● The data:
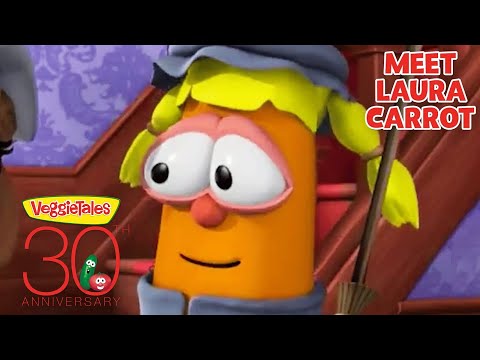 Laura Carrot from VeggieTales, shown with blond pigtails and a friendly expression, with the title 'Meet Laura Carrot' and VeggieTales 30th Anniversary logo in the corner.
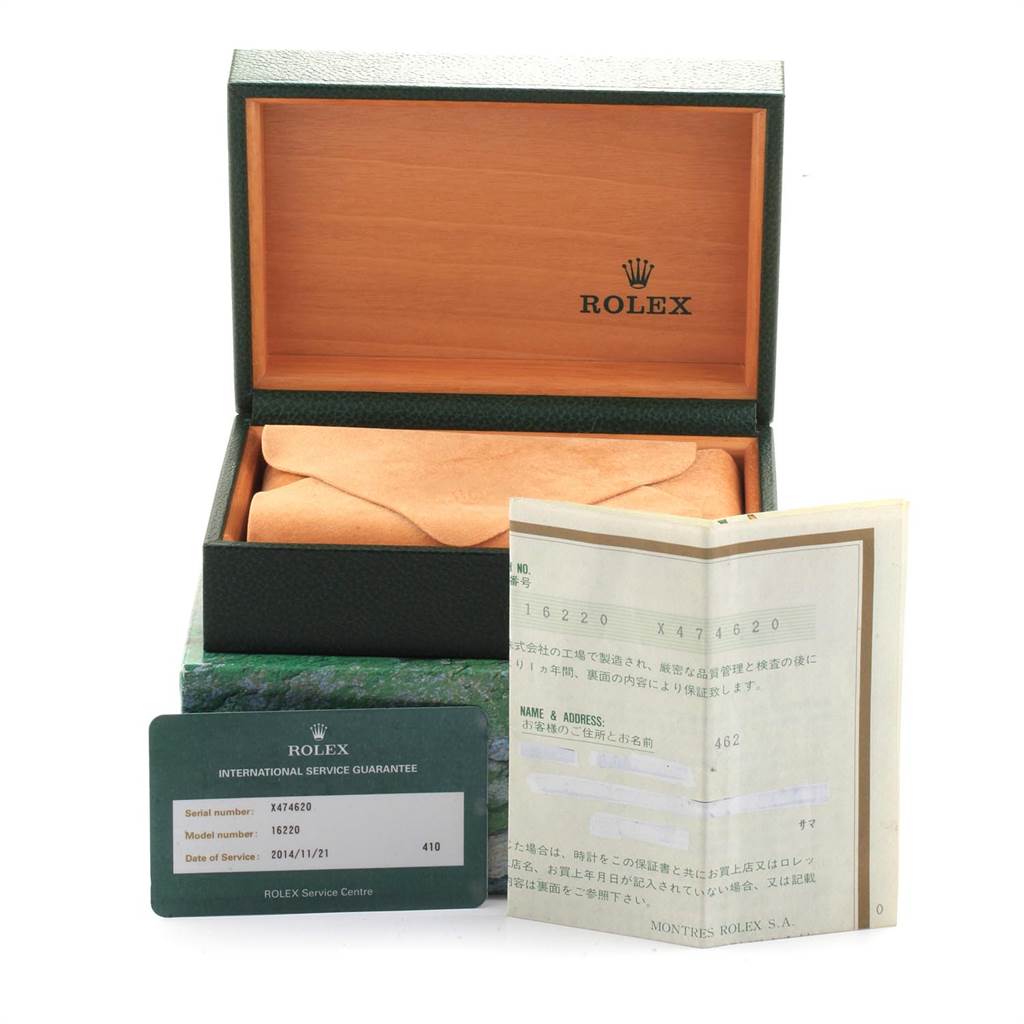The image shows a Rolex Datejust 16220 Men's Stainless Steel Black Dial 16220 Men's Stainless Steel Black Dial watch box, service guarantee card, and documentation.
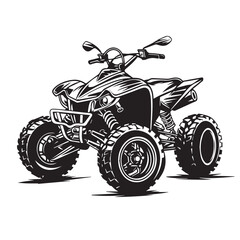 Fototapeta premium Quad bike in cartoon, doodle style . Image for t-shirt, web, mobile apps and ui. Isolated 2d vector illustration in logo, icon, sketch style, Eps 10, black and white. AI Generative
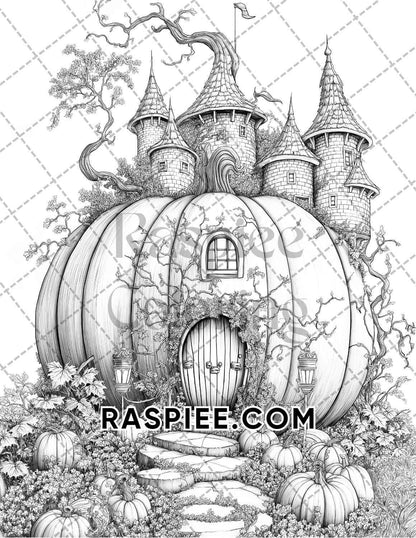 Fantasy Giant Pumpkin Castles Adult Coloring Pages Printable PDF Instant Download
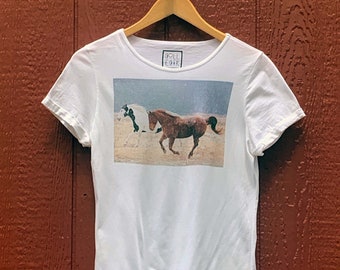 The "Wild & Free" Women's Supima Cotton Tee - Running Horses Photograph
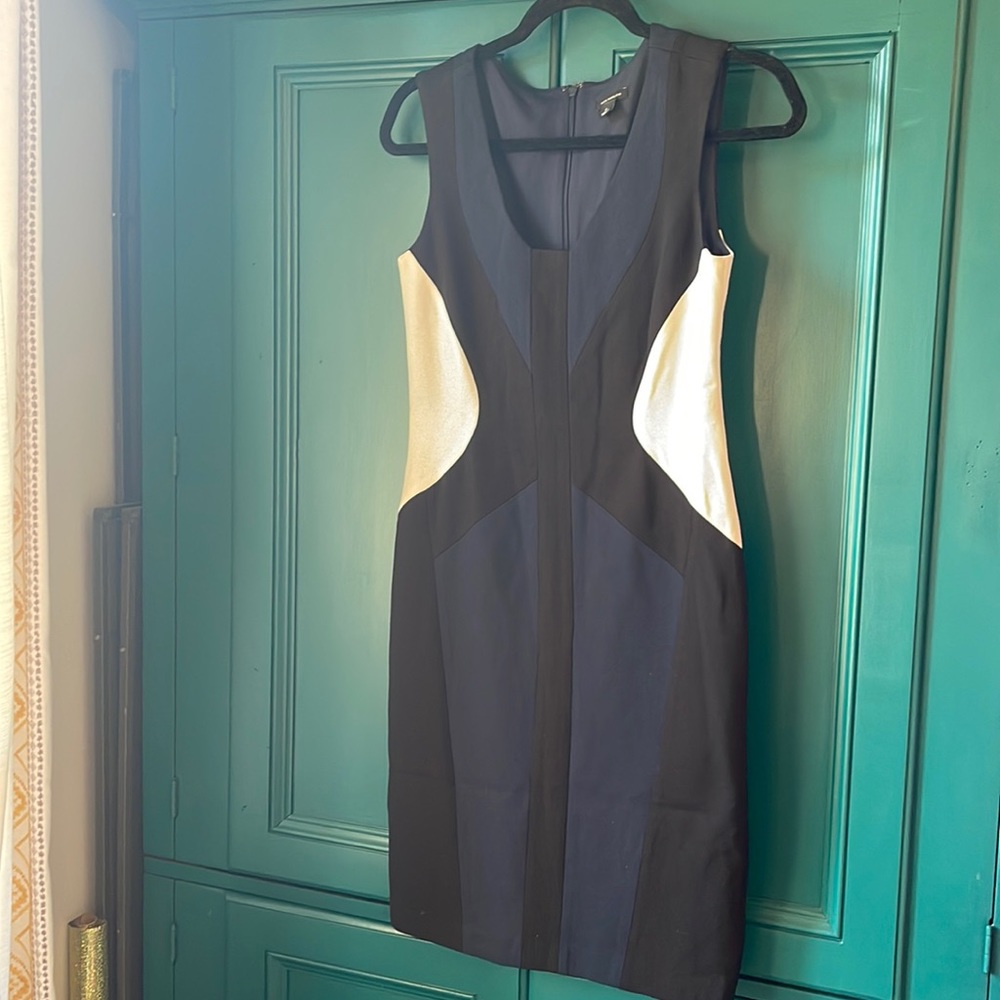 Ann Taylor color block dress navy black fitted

● What this task involves: What's needed is an exact retyping of the records, pictures excluded.

● Answer section:
 Laura Carrot from VeggieTales, shown with blond pigtails and a friendly expression, with the title 'Meet Laura Carrot' and VeggieTales 30th Anniversary logo in the corner.
The image shows a Rolex Datejust 16220 Men's Stainless Steel Black Dial 16220 Men's Stainless Steel Black Dial watch box, service guarantee card, and documentation.
 Fototapeta premium Quad bike in cartoon, doodle style . Image for t-shirt, web, mobile apps and ui. Isolated 2d vector illustration in logo, icon, sketch style, Eps 10, black and white. AI Generative
 Fantasy Giant Pumpkin Castles Adult Coloring Pages Printable PDF Instant Download
 The "Wild & Free" Women's Supima Cotton Tee - Running Horses Photograph
 Ann Taylor color block dress navy black fitted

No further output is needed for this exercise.